> **BRIEF**
From the entries, return every line where the string "Beach" shows up.

[Records from a data collection]
-*-*-

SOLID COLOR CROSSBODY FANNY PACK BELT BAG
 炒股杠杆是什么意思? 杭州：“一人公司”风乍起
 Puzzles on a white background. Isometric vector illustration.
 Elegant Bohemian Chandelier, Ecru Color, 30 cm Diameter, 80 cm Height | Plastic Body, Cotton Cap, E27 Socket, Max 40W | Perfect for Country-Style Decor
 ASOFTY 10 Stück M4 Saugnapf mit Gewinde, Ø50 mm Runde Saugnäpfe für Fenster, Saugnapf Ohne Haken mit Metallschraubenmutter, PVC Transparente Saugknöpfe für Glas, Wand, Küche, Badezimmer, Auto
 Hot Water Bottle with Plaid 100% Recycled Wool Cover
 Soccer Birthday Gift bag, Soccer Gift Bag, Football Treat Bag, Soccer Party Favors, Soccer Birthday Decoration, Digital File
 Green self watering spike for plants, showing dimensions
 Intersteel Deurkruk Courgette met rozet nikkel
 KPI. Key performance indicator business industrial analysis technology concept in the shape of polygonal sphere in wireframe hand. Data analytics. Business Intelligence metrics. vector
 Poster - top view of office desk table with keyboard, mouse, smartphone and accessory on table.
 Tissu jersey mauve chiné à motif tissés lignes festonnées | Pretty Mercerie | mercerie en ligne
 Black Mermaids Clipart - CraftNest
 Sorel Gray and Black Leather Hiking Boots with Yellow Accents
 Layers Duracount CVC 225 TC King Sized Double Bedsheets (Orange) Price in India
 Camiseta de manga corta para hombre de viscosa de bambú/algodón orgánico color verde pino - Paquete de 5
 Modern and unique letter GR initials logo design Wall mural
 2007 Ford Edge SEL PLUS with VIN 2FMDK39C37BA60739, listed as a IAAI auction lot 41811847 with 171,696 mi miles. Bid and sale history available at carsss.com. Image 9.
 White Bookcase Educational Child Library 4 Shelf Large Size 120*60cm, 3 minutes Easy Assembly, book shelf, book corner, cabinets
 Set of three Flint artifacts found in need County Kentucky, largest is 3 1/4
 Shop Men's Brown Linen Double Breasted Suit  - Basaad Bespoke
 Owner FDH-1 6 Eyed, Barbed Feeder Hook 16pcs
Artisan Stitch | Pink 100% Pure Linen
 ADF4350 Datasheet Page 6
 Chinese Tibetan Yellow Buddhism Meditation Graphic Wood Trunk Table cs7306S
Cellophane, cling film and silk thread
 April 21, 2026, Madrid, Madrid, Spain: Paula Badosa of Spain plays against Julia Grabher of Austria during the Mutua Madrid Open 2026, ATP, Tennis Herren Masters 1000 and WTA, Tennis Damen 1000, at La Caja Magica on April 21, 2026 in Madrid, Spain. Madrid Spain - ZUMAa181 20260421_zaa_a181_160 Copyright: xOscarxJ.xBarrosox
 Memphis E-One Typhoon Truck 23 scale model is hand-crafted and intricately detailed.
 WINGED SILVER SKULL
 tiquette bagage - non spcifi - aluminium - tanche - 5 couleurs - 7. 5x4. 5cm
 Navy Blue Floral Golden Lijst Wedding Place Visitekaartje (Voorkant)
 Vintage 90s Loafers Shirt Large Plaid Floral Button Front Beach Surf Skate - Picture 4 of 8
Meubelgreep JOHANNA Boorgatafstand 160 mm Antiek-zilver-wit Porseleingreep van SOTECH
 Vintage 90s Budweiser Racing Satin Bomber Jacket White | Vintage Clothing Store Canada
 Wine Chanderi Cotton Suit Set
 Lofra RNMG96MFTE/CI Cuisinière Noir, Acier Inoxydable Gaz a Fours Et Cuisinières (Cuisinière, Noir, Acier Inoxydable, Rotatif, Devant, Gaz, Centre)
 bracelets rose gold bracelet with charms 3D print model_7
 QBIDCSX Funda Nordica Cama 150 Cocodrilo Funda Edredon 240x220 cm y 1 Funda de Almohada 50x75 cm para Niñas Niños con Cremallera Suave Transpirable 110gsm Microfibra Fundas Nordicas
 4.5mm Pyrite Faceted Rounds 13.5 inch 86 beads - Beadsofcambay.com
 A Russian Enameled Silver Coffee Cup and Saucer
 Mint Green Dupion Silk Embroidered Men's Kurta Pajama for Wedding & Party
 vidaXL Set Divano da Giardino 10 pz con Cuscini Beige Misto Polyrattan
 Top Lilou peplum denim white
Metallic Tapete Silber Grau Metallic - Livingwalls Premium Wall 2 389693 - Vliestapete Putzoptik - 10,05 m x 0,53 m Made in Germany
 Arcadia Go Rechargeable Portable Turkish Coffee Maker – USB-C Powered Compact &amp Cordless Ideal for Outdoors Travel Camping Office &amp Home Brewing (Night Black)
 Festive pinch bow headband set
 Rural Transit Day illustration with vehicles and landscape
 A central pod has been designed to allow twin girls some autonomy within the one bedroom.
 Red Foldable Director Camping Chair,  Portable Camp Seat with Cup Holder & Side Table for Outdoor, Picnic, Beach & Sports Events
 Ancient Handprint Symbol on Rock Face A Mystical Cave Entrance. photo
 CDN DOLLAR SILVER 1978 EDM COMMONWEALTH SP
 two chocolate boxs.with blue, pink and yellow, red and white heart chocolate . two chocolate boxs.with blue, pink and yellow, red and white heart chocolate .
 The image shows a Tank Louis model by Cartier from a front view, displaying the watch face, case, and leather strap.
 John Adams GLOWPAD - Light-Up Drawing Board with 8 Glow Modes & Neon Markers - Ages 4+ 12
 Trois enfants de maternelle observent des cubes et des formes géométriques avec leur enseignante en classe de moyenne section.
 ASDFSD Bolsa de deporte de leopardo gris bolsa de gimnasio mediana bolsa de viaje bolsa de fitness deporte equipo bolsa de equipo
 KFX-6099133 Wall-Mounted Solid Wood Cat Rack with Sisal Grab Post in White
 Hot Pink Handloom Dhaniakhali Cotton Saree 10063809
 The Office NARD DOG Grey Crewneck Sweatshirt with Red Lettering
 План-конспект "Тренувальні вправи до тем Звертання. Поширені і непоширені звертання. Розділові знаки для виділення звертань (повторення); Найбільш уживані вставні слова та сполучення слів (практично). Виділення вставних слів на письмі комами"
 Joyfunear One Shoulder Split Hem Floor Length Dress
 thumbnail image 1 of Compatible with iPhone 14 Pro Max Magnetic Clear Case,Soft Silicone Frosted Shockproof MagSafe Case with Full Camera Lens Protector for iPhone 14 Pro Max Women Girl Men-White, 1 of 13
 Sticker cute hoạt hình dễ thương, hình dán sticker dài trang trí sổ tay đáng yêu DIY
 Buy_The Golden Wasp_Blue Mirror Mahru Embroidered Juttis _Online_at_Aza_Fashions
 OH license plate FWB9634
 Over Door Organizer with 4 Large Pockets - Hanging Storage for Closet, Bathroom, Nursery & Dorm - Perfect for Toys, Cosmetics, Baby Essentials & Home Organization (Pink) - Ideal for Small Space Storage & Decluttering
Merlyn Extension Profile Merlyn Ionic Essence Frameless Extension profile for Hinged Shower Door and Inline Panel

-*-*-

> **SOLUTION TO THE EXERCISE**
 Vintage 90s Loafers Shirt Large Plaid Floral Button Front Beach Surf Skate - Picture 4 of 8
 Red Foldable Director Camping Chair,  Portable Camp Seat with Cup Holder & Side Table for Outdoor, Picnic, Beach & Sports Events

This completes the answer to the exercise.